I return to the corn portion of this blog, as my current job ends on May 13th, and I am now in very acute job-hunting mode. I have been at this current job since February of last year. I work in healthcare IT, and I get contacted by recruiters fairly often, including cold calls. I'm not too worried about my long term future, but I am taking the short term very seriously, and I am very eager to find an arrangement as soon as possible, be it temporary or permanent.
My remarkable Mastiff dog died eleven days ago, at the age of 9½. Those of you who know me know that I was absolutely devoted to him, and I am very heartbroken that he is gone. My dog, Hagrid, was a rescue. He was thrown out of his original home for showing signs of defensive aggression, where he was overprotective of the baby in the home. I found out the details when I adopted him. The family did not give him sufficient obedience training, and by the time he was a year old, he was very big (he was 205 lbs at death) and very headstrong and stubborn. They had a baby when he was a year old, and without external guidance, he took it upon himself to guard the baby at all costs. He would sleep outside the baby's door, with his nose jammed in the crack of the door so that he could smell her all night, with his paws pushed up against the inward-opening door to make sure that nobody got in. If anyone besides the parents walked down the corridor, he would bare his teeth and growl at them. There was one neighbor whom he never really liked, and after the baby was born, he would refuse to let the neighbor into the house. The family decided that he was excessively aggressive, and surrendered him to a Mastiff rescue. The dog was profoundly insulted and hurt to be rejected for doing what he thought was his job.
The woman who ran the Mastiff rescue was a 19 year old single mom with three kids, four cats, and eight Mastiffs running around a 30-acre farm in West Virginia. She had recently divorced, and had moved in with her father on his farm, and he had issued an ultimatum that she and the dogs had to leave. She was frantically placing all the dogs, except for my dog, whom she wanted to keep. She sent me his picture in case she had to give him up with the others, and I fell in love right away. It took me six weeks to convince her to give me the dog, and she ended up driving him to me in North Carolina herself. He was a year and a half old.
It took the dog, whom I renamed Hagrid, a while to realize that I was his forever owner and friend. I got him started on obedience training right away, and in three months, he received his Canine Good Citizen award from the American Kennel Club, and two months after that was a certified Therapy Dog through Therapy Dogs International.
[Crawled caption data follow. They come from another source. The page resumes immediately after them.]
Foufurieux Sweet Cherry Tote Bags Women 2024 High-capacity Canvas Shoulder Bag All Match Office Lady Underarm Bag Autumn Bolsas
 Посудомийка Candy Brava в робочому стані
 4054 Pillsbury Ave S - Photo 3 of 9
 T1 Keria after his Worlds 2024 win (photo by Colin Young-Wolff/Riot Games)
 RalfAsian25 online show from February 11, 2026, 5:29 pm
We worked with kids with Downs Syndrome, with emotionally disturbed girls at a residential facility, and we once worked with a severely burned child from the Shriners' Burn Hospital in Boston. I think he loved the Downs kids the best. Whenever he met a person with Downs Syndrome, his attitude would change and he would become very gentle and focused. He adored the kids he worked with, and I was very proud to show him off to others.
He followed me as I moved from North Carolina to Virginia, and from Virginia to Massachusetts, and we made friends wherever we went together. He was the big Totoro, the Chewbacca to my Han Solo, the Harvey to my Ellwood P. Dowd, the greatest wingman I've ever had. In North Carolina, you can go bar-hopping with your dog, and he was a regular at the Orange County Social Club in Carrboro. He was a big hit at the Grand Master's Fair in Charlton, MA, when I took him in 2009. When I moved in 2009, I deliberately moved to an apartment on the first floor, with only three front steps, as he was getting too old to climb several flights of stairs. Mastiffs live typically from six to eight years. Hagrid lived longer than I ever expected, and I was warned by other Mastiff owners that they decline very rapidly when it is their time to go. Hagrid fell apart over about a week, and had to be euthanized.
It's strange watching my daily routines change as I no longer have to feed and water him, and walk him. I don't have to shut the door to my bedroom to keep him from climbing into my bed and trashing it with hair and drool. I don't have to shut the bathroom door to keep him from sleeping in the bathtub or drinking out of the toilet. I don't have to put chairs on the couch to keep him from sleeping on the couch. But I miss him terribly, and I probably will for a very long time.
Rest in peace, Hagrid. You were as good a dog as you could possibly be, and I am awed by your life of service and generosity. I never really deserved a dog as magnificent as you, and I did everything I could to make myself worthy of you, until your last breath.